=== Section Start ===

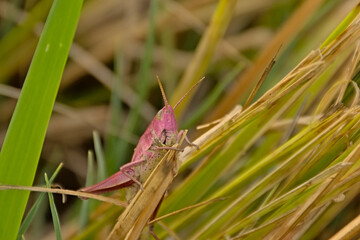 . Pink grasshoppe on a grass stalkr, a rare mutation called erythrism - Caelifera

=== Section End ===
=== Section Start ===

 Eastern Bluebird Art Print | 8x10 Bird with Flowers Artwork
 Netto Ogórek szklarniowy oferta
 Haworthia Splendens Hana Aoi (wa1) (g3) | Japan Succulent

=== Section End ===

_Problem to work on_. Please give an exact copy of the lines above, beginning with the line containing "Eastern Bluebird Art" and running through the line containing "Haworthia Splendens Hana", and of no other lines.

_Final answer_.
 Eastern Bluebird Art Print | 8x10 Bird with Flowers Artwork
 Netto Ogórek szklarniowy oferta
 Haworthia Splendens Hana Aoi (wa1) (g3) | Japan Succulent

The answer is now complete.